La question devient encore plus sensible pour les agents médicaux capables d’enchaîner des actions et d’appeler des outils. Une erreur de texte peut être relue. Une séquence autonome qui consulte un dossier, choisit un examen et transmet une consigne réduit le nombre d’occasions de correction humaine. La FDA demande logiquement si cette autonomie doit relever les critères d’acceptation et l’intensité de la surveillance.

Ce cadre peut accélérer l’innovation s’il rend les preuves comparables

À première vue, multiplier les examens avant marché et les contrôles après déploiement semble ralentir les fabricants. L’effet inverse est possible. Des critères lisibles permettent aux équipes de savoir quelles preuves produire, aux hôpitaux de comparer les produits et aux patients de comprendre jusqu’où ils peuvent leur faire confiance.

La littérature scientifique souligne pourquoi cette standardisation manque. Une analyse publiée dans npj Digital Medicine relève les difficultés de reproductibilité, les hallucinations, les biais, les risques de confidentialité et la faiblesse des évaluations fondées sur des examens théoriques ou des cas trop propres. Une excellente note à un questionnaire médical ne démontre ni la robustesse dans un dossier fragmenté, ni la capacité à reconnaître une situation hors périmètre, ni l’amélioration de l’état des patients.

Les futurs benchmarks devront donc rester liés à l’usage annoncé et au contexte réel. Ils devront mesurer les échecs graves, pas seulement une moyenne globale ; publier les sous-groupes pertinents ; documenter les versions testées ; et prévoir une réaction lorsque la performance passe sous le seuil accepté. C’est moins spectaculaire qu’un duel entre un modèle et un médecin, mais beaucoup plus utile pour la sécurité.

La vraie épreuve commencera après la salle d’examen

La consultation de la FDA marque un changement de perspective. La question n’est plus seulement de savoir si une IA peut réussir un examen médical. Il faut déterminer si un produit précis reste compétent face à des patients réels, dans un service réel, après une mise à jour réelle — et qui intervient lorsqu’il cesse de l’être.

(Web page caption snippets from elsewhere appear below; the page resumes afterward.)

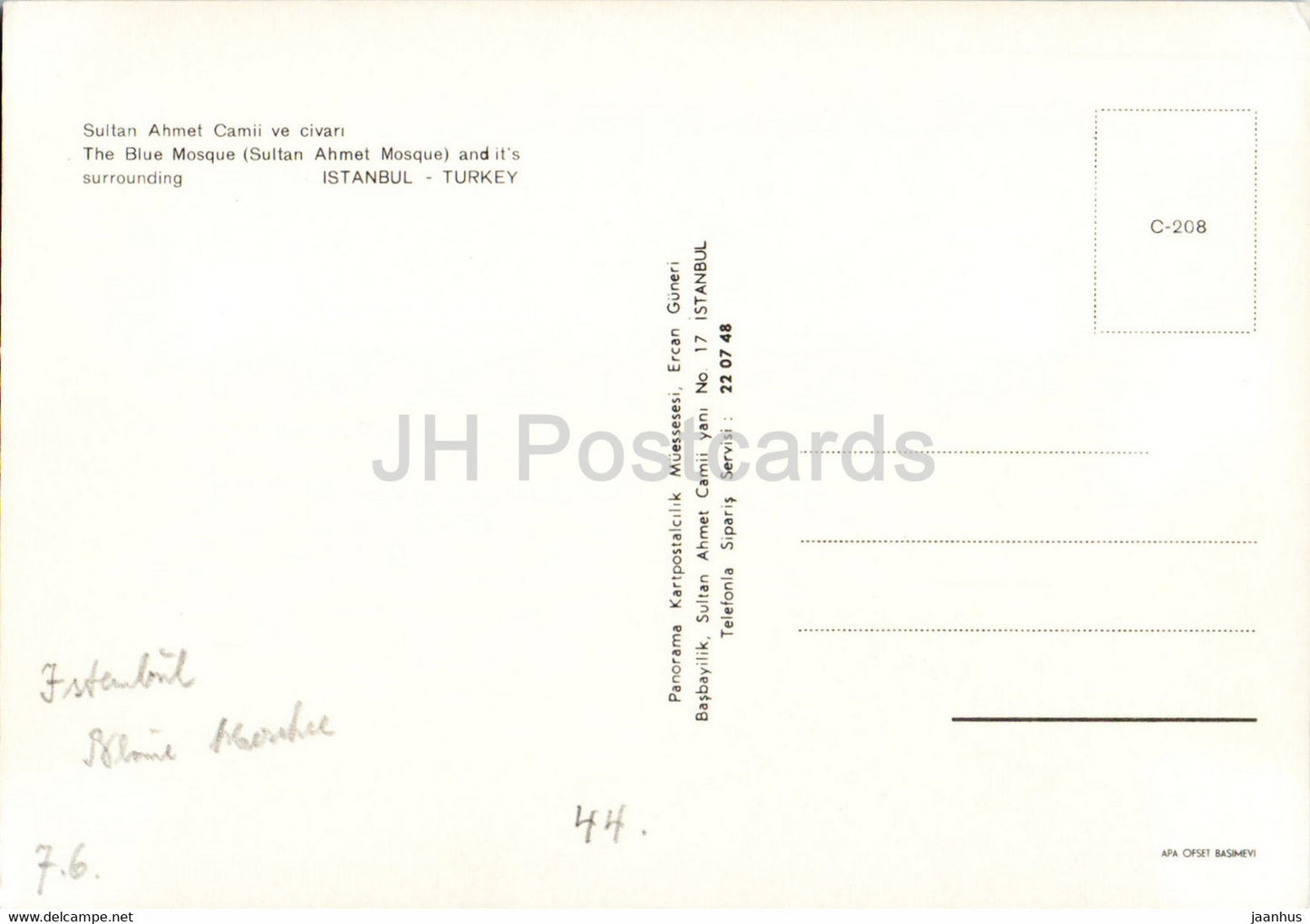 Istanbul - The Blue Mosque Sultan Ahmet Mosque and its surrounding- Turkey - used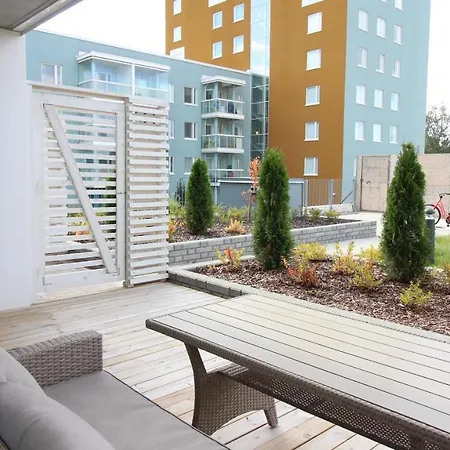 New One Bedroom Apartment With Terrace And Parking Vantaa Esterno foto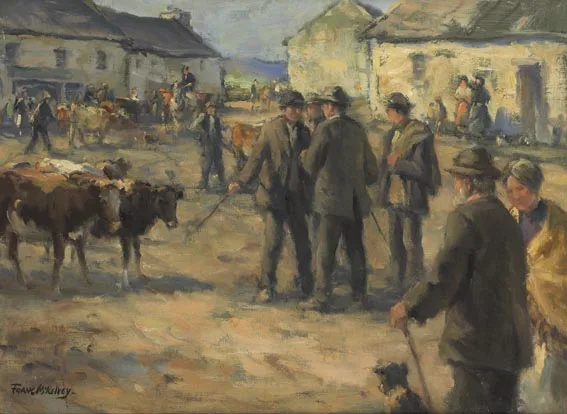 FAIR DAY by Frank McKelvey, oil on canvas, offered Sep 2005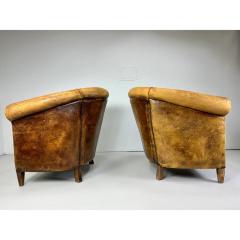 Early 20th Century European Leather Club Chairs - 3396239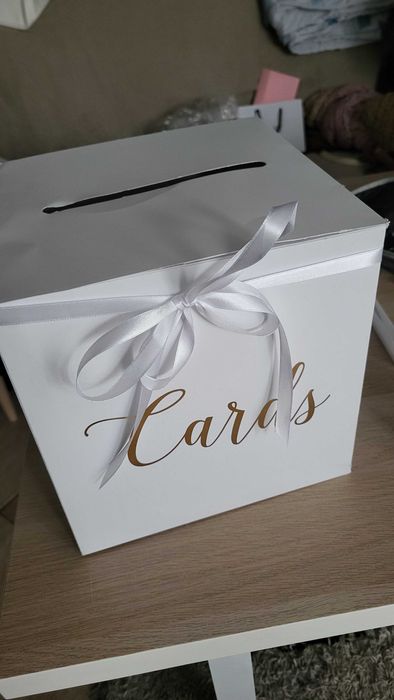 Pudełko na koperty białe kartonowe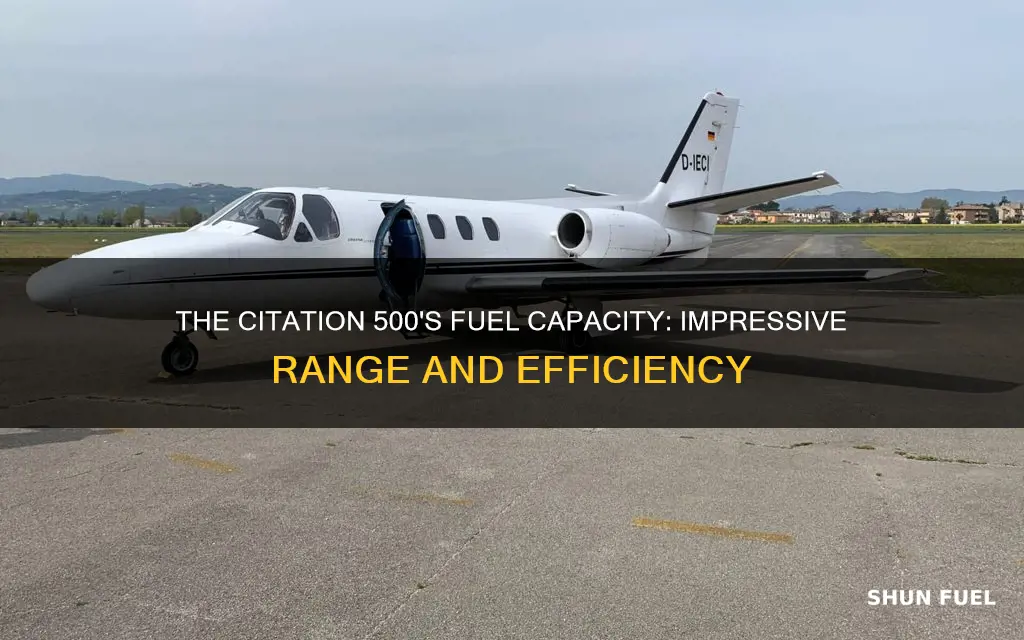 how much fuel does a citation 500 hold
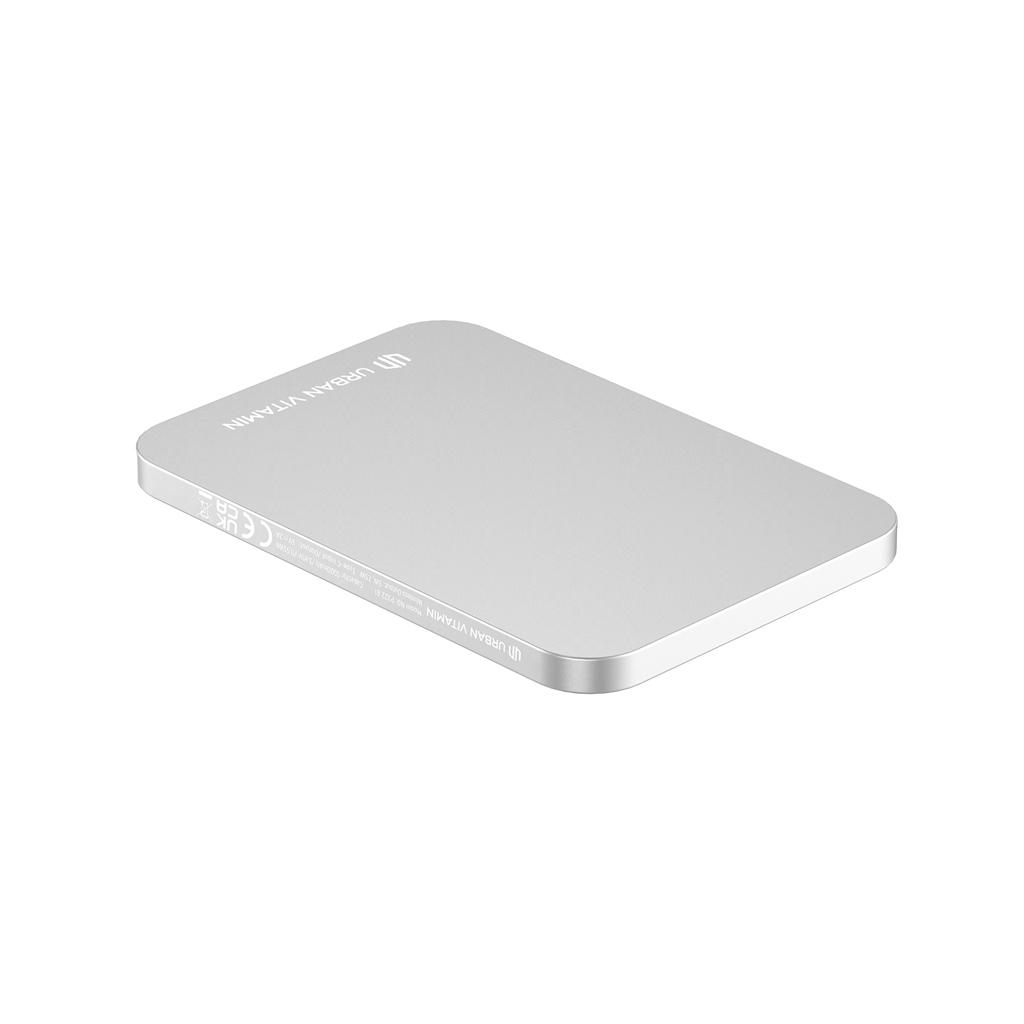 Powerbank Urban Vitamin Burbank din plastic/aluminiu RCS 3.000 mAh silver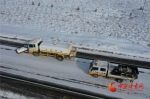 千里陇原雪纷飞 甘肃公路人除雪忙 - 中国甘肃网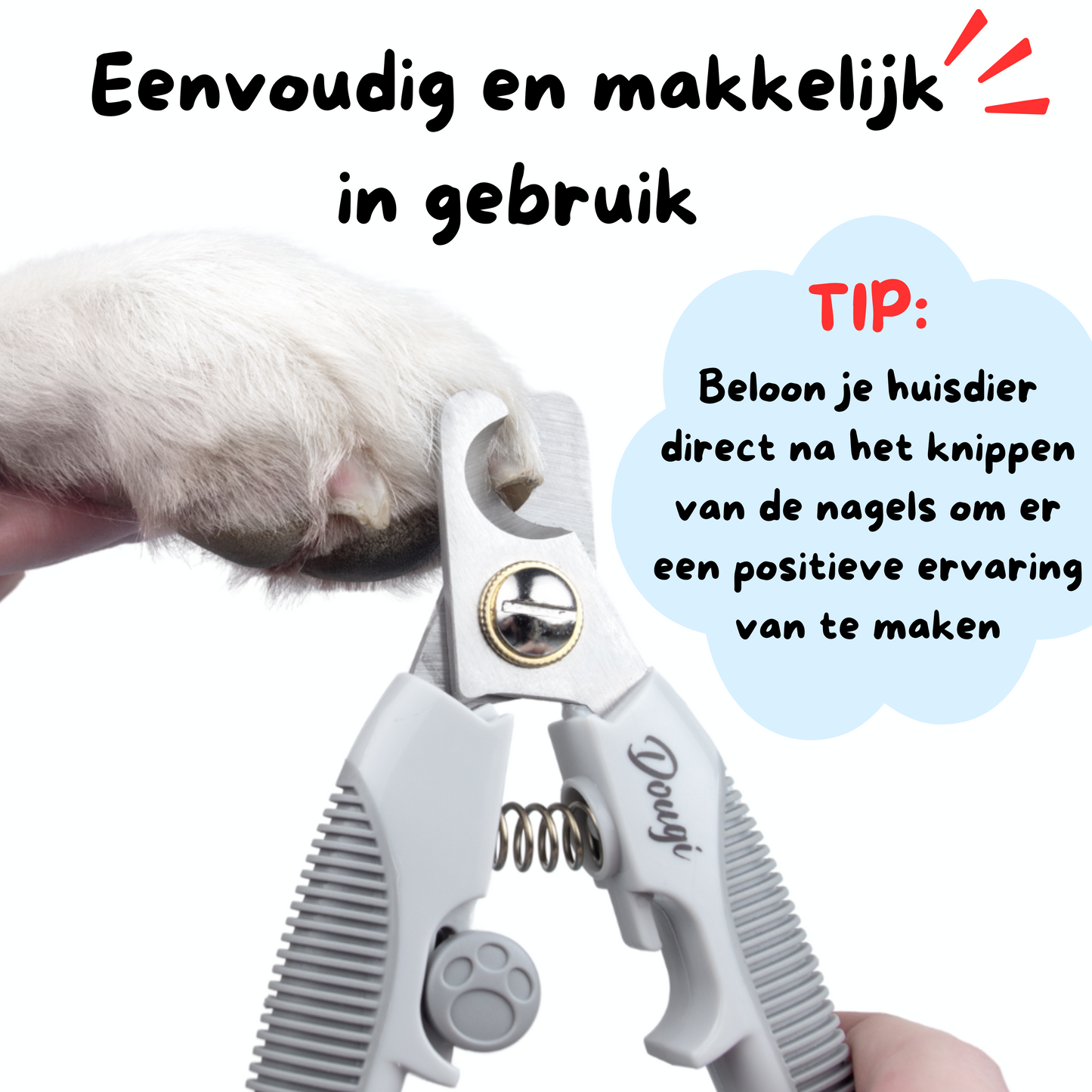 Nagelknipper voor Honden, Katten en Knaagdieren met Veiligheidsstop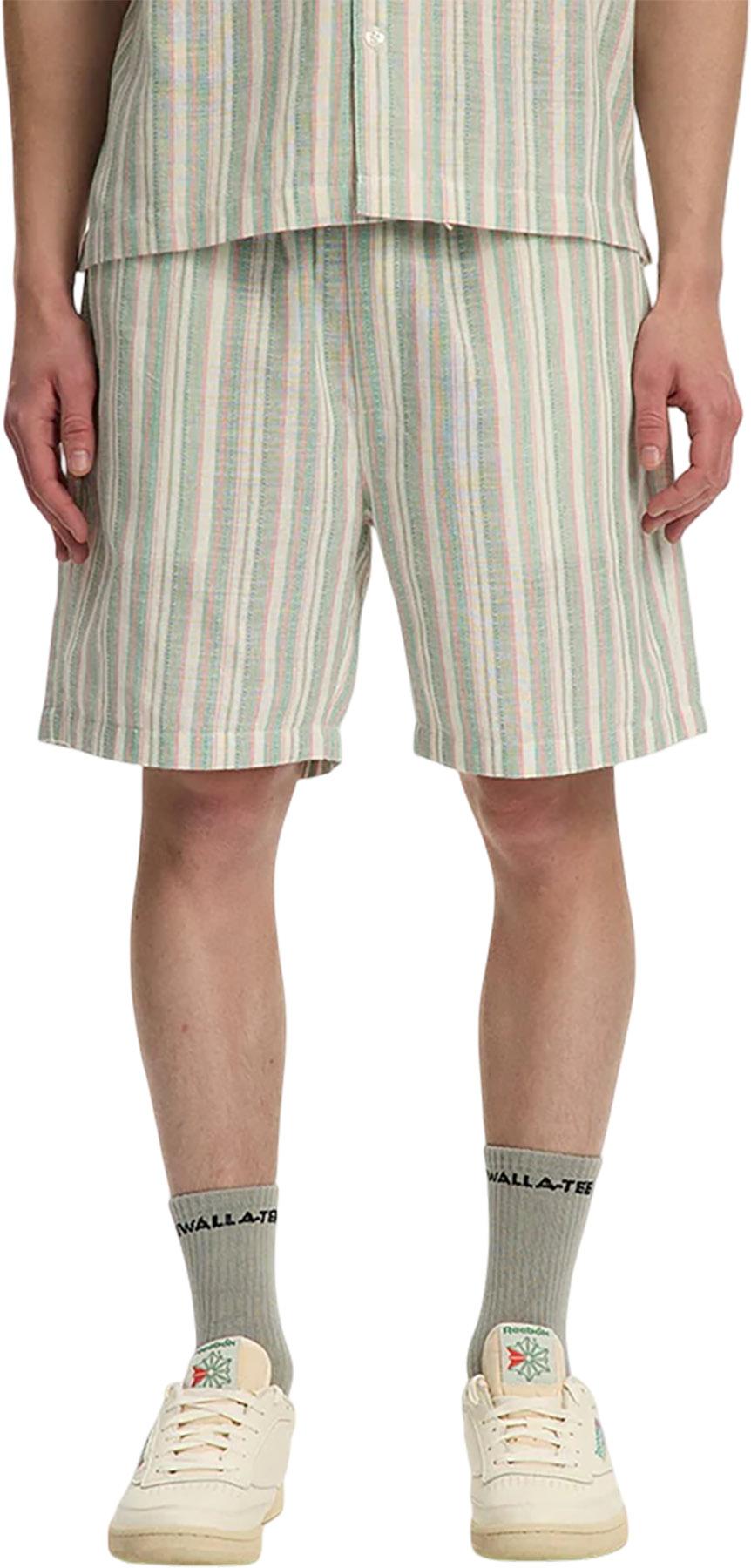 Product gallery image number 2 for product Linen Stripe Shorts - Men's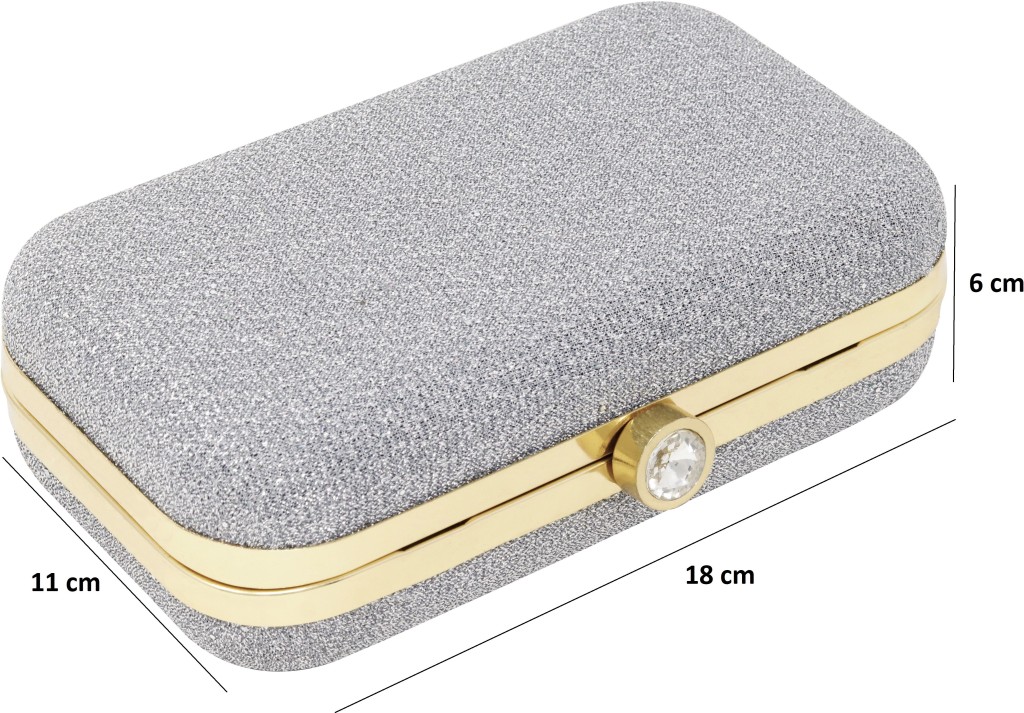 AILTINOParty Silver  Clutch  - Regular Size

Le cadre proposé a le mérite d’associer autonomie et gravité du dommage, puis de relier l’autorisation initiale à une surveillance continue. Il laisse néanmoins ouvertes les décisions les plus difficiles : le niveau de preuve par catégorie, l’accès aux informations des modèles de fondation, l’indépendance des évaluateurs et la responsabilité en cas d’échec partagé.

Le document n’autorise aujourd’hui aucun nouveau dispositif et n’impose aucune méthode. Il fixe toutefois un test décisif pour la régulation de l’IA en santé : passer d’une confiance accordée au modèle en général à des preuves vérifiables sur le produit, son usage et sa version. Pour l’IA générative médicale, le diplôme ne pourra jamais être délivré une fois pour toutes.